Thank you very much, everybody. My warm regards from India.

Rescue Foundation is a non-profit that works primarily in rescue missions. For the last 20 years we have been rescuing young girls, especially girls who are minors, from brothels, red light areas, guest houses, and various other such places across the country. With about 150 spies around the country, we deal with and get sensitive information from them. Our primary job is to get the girls out of the brothels and those places where they are being exploited. Then we bring them to our shelter home and fight a massive legal battle; post the legal battle part, we give them the ability to bounce back in society.

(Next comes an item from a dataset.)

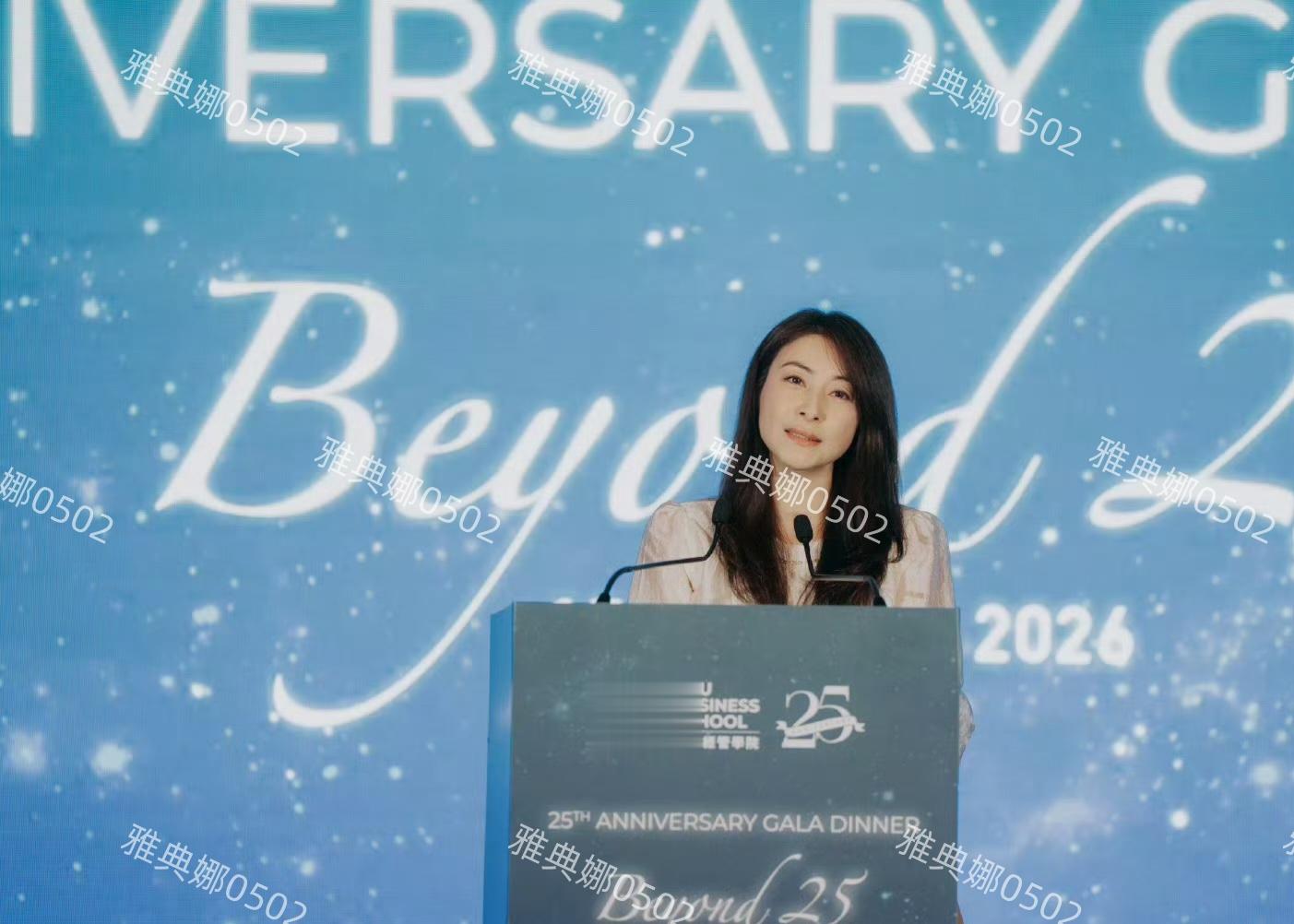 港大经管学院校庆晚宴上见到郭晶晶了，本人眉目舒展笑眼弯弯好美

The primary reason that most of these girls are pushed into prostitution is poverty. The number one state in India where human trafficking happens is West Bengal, and the number one state in India where minor girls are being pushed into prostitution is Rajasthan.

One of the primary reasons in West Bengal is poverty. There is a lack of opportunities in that region, so often young girls, orphaned girls, are fooled by traffickers and pimps in the hope getting a better job and livelihood. They have been brought to larger, metropolitan cities like Mumbai, Delhi, and other places, and sold into brothels.

Unfortunately, because of the social stigma around the whole idea of red light areas and brothels, no sane person travels through them to hear their voices when they're screaming, when they've just been brought to the brothels and realize they have been pushed into prostitution. After a point they give up; then the whole unfairness and exploitation starts.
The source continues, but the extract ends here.